Economic phenomenon in energy transition

The gas trap (in economics) refers to the situation in which an economy is locked into a fossil-fuel equilibrium characterised by extensive production of natural gas instead of renewable energy.

While increased gas supply may reduce emissions by displacing oil and coal, it can also make investments in renewable energy unprofitable. The resulting market dynamics can delay investment in low-emission energy sources, potentially leading to higher cumulative greenhouse gas emissions over time compared to a situation with more renewable energy.

== The market mechanism ==
Different sources of energy used for heating or electricity generally compete because they are substitute goods. An increase in the supply of one energy source tends to lower energy prices, reducing profitability and output among competing producers.

Empirical studies by Fell and Kaffine (2018) show that coal production declines when the supply of wind power expands, but also when natural gas supply increases (Knittel et al., 2016).
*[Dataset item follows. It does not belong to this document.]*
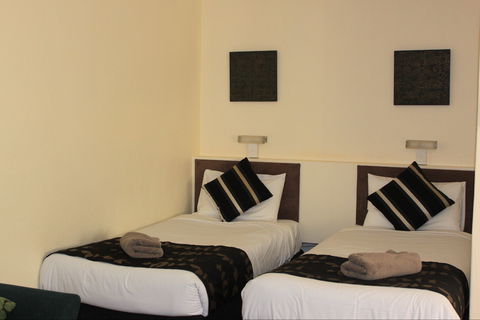 Inverell Motel - Holiday Adelaide 2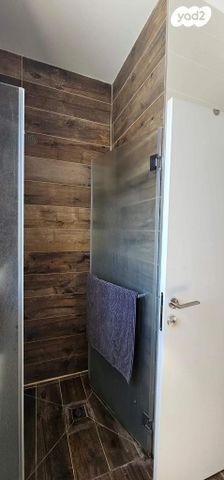 גג/ פנטהאוז, חזנוביץ' 12, תל אביב יפו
These findings support the view that natural gas and renewable energy can displace coal in the short term.

Because coal has a higher carbon content per unit of energy than natural gas, this substitution can initially reduce emissions. Several studies document short-term emissions reductions following expansions in natural gas supply, particularly in electricity generation (Cullen and Mansur, 2017).
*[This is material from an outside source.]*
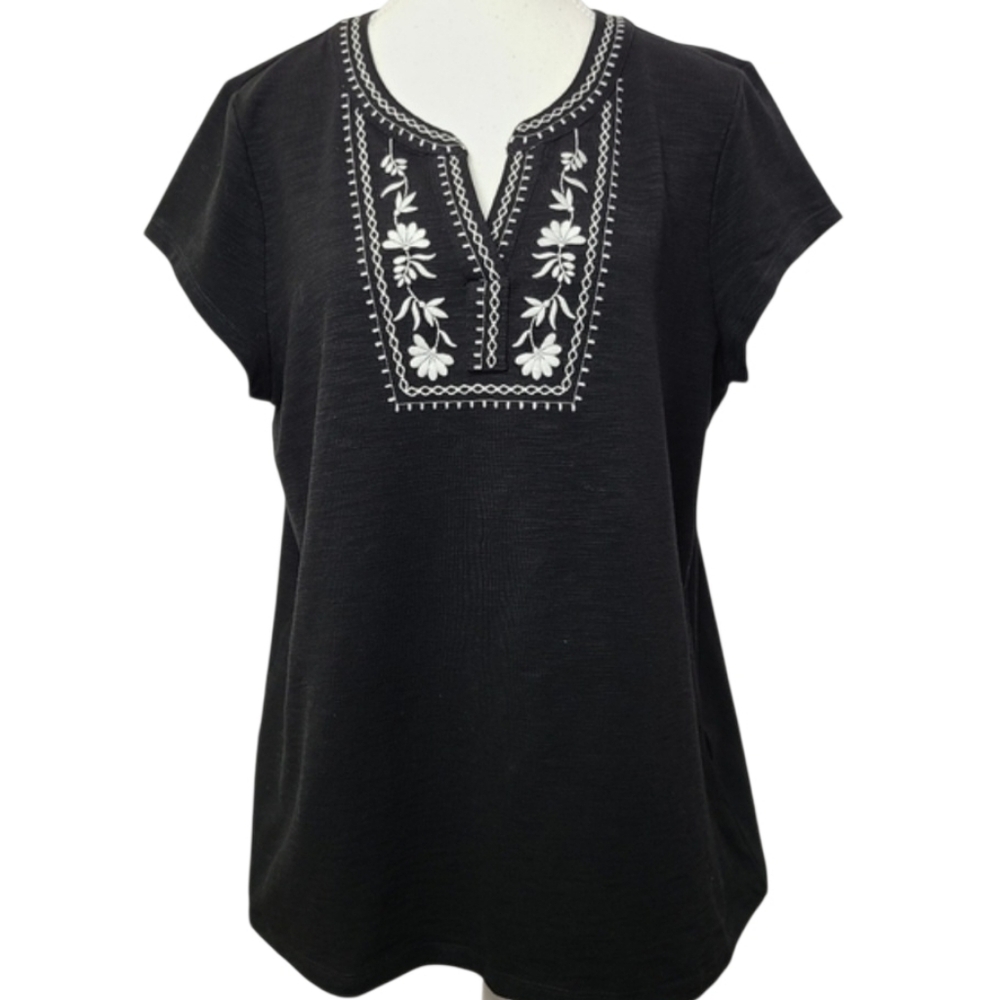Talbots Black Embroidered V-Neck Blouse Women’s Size L Cap Sleeve Boho Top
Market responses depend on the time horizon. Consumer and producer adjustments to price changes differ between the short run and the long run, implying that the climate effects of energy supply shocks may evolve over time (Deryugina et al., 2020).

== The dynamic mechanism ==
During an energy transition, coal producers may retain spare production capacity. As a result, coal supply can respond rapidly to price changes, allowing natural gas to replace coal in the short run. Renewable energy technologies, by contrast, typically require time-consuming investment and capacity expansion.
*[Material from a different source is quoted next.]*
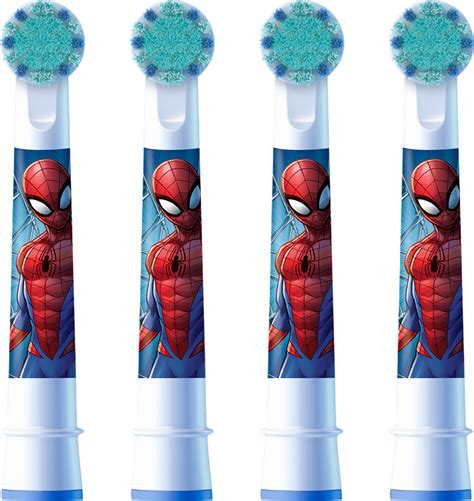 Starš čisti zobke dojenčku z mehko zobno ščetko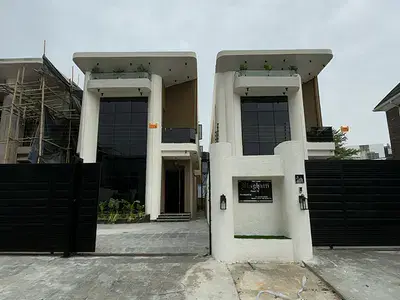 Detached duplex for sale  5 Bedroom Detached Duplex with Swimming Pool Chevron Tollgate, Lekki, Lagos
A growing theoretical and empirical literature shows that increased natural gas supply can therefore have asymmetric effects over time. While gas expansion tends to crowd out coal in the short run, it can reduce incentives to invest in renewable energy in the long run, slowing the transition to low-emission energy systems (McJeon et al., 2014; Gillingham and Huang, 2019).

Harstad and Holtsmark (2025) analyze this mechanism in a strategic setting. They show that gas producers, especially if they are concerned with climate change, may attempt to reduce emissions by expanding output to outcompete coal. When this strategy is anticipated by investors, however, expected future energy prices decline, reducing investment in renewable energy. As a result, additional gas capacity increasingly replaces renewables rather than coal in the long run.

The dynamic inconsistency identified in this framework is that stronger attempts by gas producers to reduce emissions through short-run coal displacement may, when anticipated, lead to higher cumulative emissions by delaying the expansion of renewable energy. In a quantitative model, Harstad and Holtsmark finds that this mechanism is relevant for European energy markets.